As reacções contra o establishment do Partido Democrata chegaram mesmo à descrição sobre a Comissão Nacional Democrata na Wikipédia. Esta terça-feira foram feitas várias alterações ao texto, a descrever o partido como uma "organização desenhada para fazer com que Hillary Clinton seja eleita".

"A Comissão Nacional Democrata é uma empresa privada, desconhecida do povo americano, que rege o Partido Democrata dos Estados Unidos. O partido tem sido criticado por alterar as regras, apoiar candidatos e manipular eleições. Costumam apoiar um candidato que é apoiado por aquilo que é conhecido como os 1%, também conhecidos como os multimilionários americanos", lia-se numa das primeiras alterações, que ficam registadas no histórico da enciclopédia online.

Um porta-voz de Bernie Sanders, Michael Briggs, disse que o senador condena todo o tipo de violência e aconselhou o Partido Democrata a dar resposta à indignação de todos os eleitores. "O senador acredita que o Partido Democrata deveria encontrar uma forma de acolher as pessoas que têm sido estimuladas pela sua campanha", cita o New York Times.

Risco de divisão em Novembro

Seja qual for o resultado das primárias no Partido Democrata (se Clinton confirma a nomeação ou se Sanders opera uma inesperada reviravolta), o que está em causa é a união de um partido que se julgava estar mais pacificado do que o seu histórico rival, atirado para o meio de uma guerra civil entre mais facções do que se julgava possível existirem: o establishment actual e as suas referências Lincoln e Reagan; o movimento ultraconservador Tea Party; o populismo ultranacionalista de Donald Trump; e uma mão cheia de alas que juntam um pouco de cada uma delas.

No Partido Democrata não há tantas facções, mas muitos apoiantes de Bernie Sanders puseram em marcha um movimento que é conhecido como Bernie or Bust.

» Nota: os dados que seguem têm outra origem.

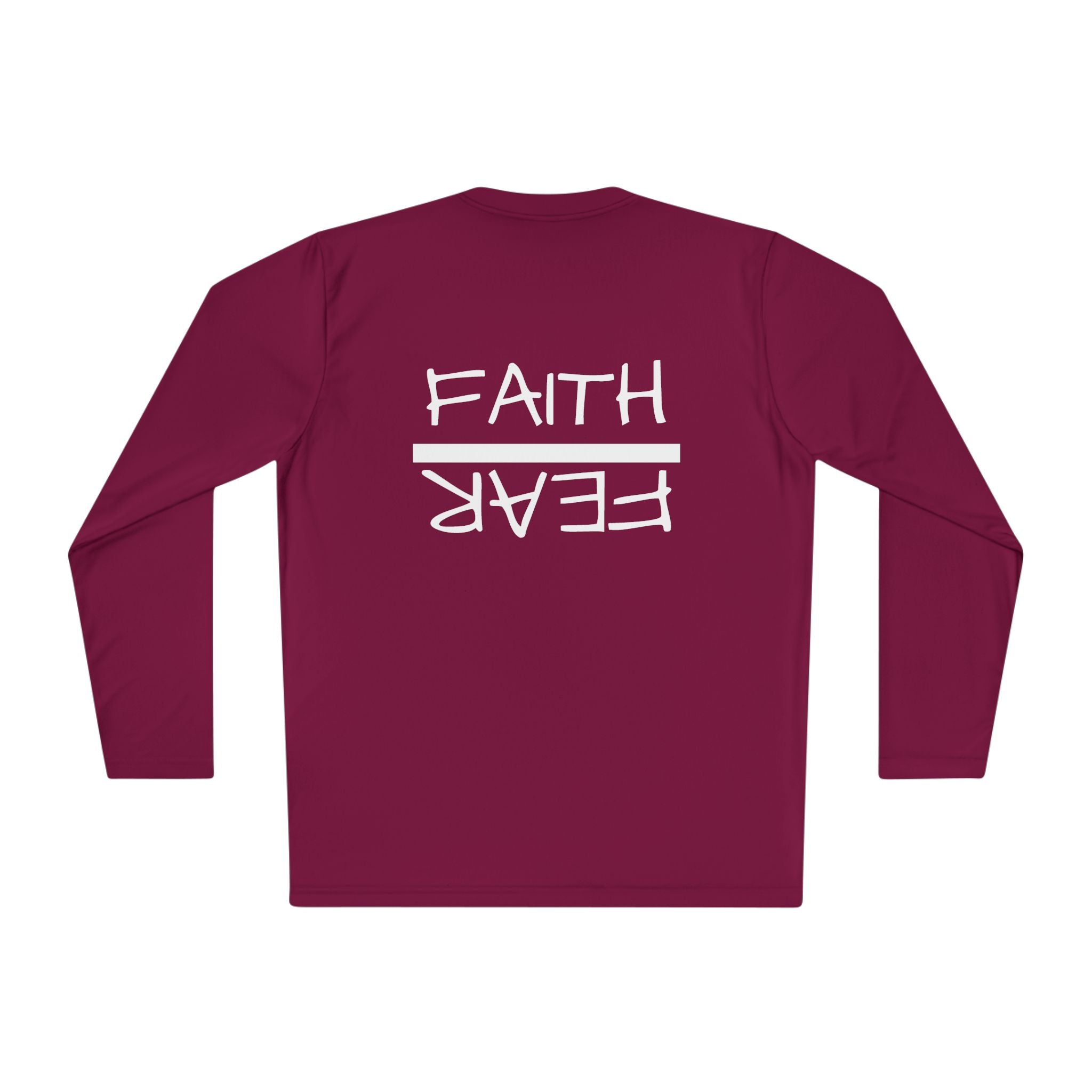 Lightweight Long Sleeve Tee - Faith Over Fear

Se Sanders não for nomeado, os apoiantes deste movimento têm duas hipóteses: ou escrevem o nome do candidato no boletim nas eleições gerais, ou votam no candidato dos Verdes.

À luz dos acontecimentos do fim-de-semana no Partido Democrata, sai reforçado um alerta do jornalista Bruce Shapiro na revista The Nation, dirigindo-se a quem está convencido de que Donald Trump não tem hipóteses de ser o próximo Presidente dos Estados Unidos: "O caminho de Trump para uma vitória improvável mas possível aponta numa única direcção: a mesma fraca afluência às urnas que fez dele o nomeado do Partido Republicano. Por outras palavras, transformando as eleições gerais numas primárias."

Dando como certa a nomeação de Hillary Clinton pelo Partido Democrata, Shapiro considera que a antiga secretária de Estado deve resistir à tentação de cortejar a direita conservadora, frisando que os tempos da frase de campanha "É a economia, estúpido", que ajudou Bill Clinton a vencer as eleições há 24 anos, deve ser enterrada: "Se a candidata Clinton quiser ser a Presidente Clinton – e se quiser garantir o apoio do Congresso para governar –, tem de começar por admitir a diferença essencial entre 1992 e este ano. Em 2016, a principal mensagem entre os eleitores do Partido Democrata e do Partido Republicano é 'É a desigualdade, estúpido'. Viragens à direita não conseguem dar resposta a esta realidade."